Until around 1992, the cassettes were rotated monthly. Then, they were replaced weekly. Finally sometime around 1993, satellite programming was intoduced which eliminated the need for these tapes altogether.
The monthly tapes are very, very, worn and rippled. That’s becuase they ran for 14 hours a day, 7 days a week on auto-reverse. If you do the math assuming that each tape is 30 minutes per side, that’s over 800 passes over a tape head each month.
Finally, one tape in the collection was from the Kmart 30th anniversary celebration on 3/1/92. This was a special day at the store where employees spent all night setting up for special promotions and extra excitement. It was a real fun day, the store was packed wall to wall, and I recall that the stores were asked to play the music at a much higher volume. The tape contains oldies and all sorts of fun facts from 1962. This may have been one of the last days where Kmart was in their heyday – really!

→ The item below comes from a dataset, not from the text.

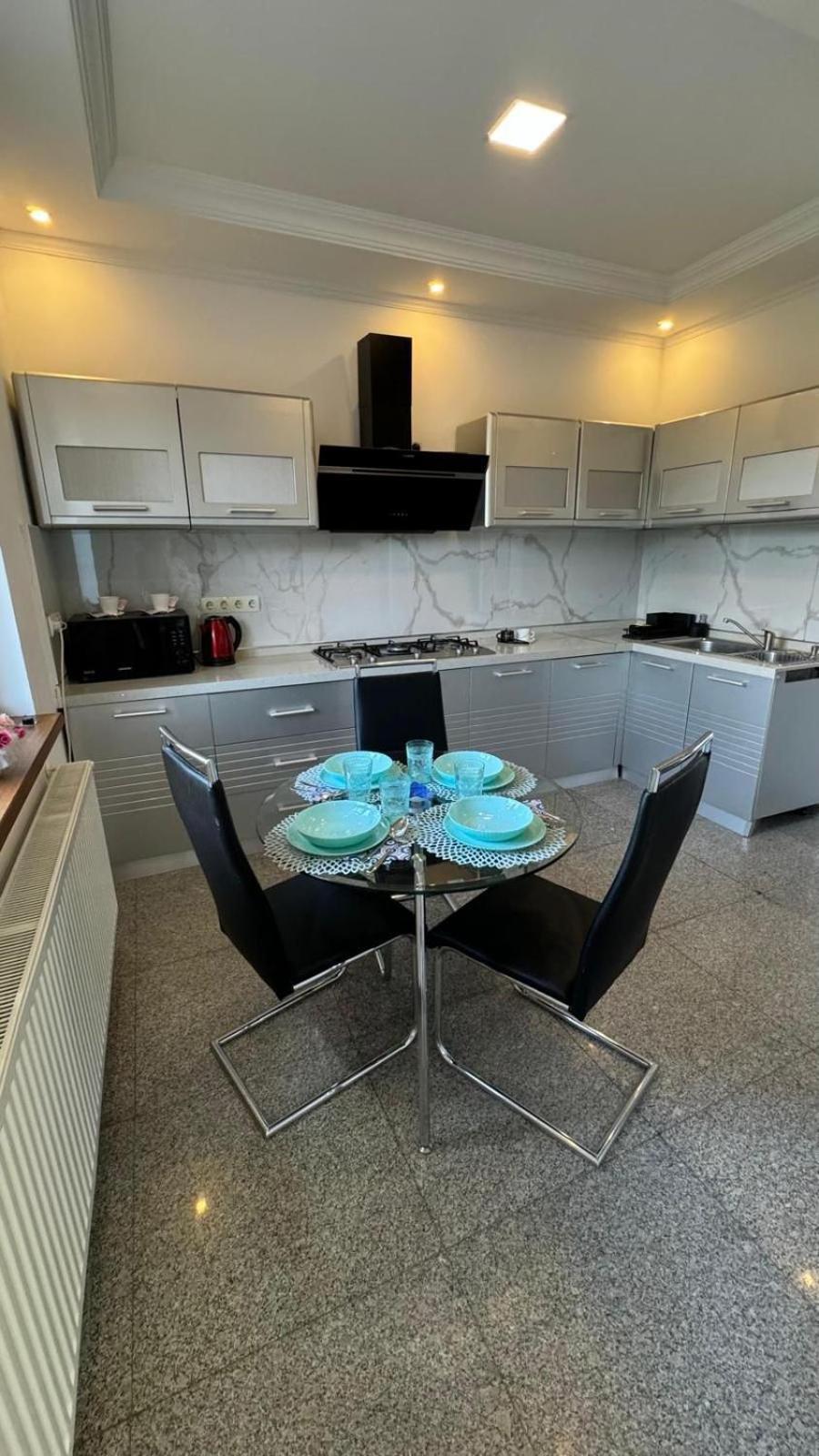 Ami Residence Bucharest Airport&Therme&Parking أوتوبين المظهر الخارجي الصورة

One last thing for you techies, the stores built in the early 1970’s (such as Naperville, IL Ogden Mall Kmart #3066, Harwood Heights, IL #3503 and Bridgeview, IL #4381) orignally had Altec-Lansing amplifiers with high quality speakers throughout the store. When you applied a higher quality sounding source, the audio was extremely good. Later stores had cheaper speakers and eventually the amps were switched out with different ones usually lacking bass and treble controls.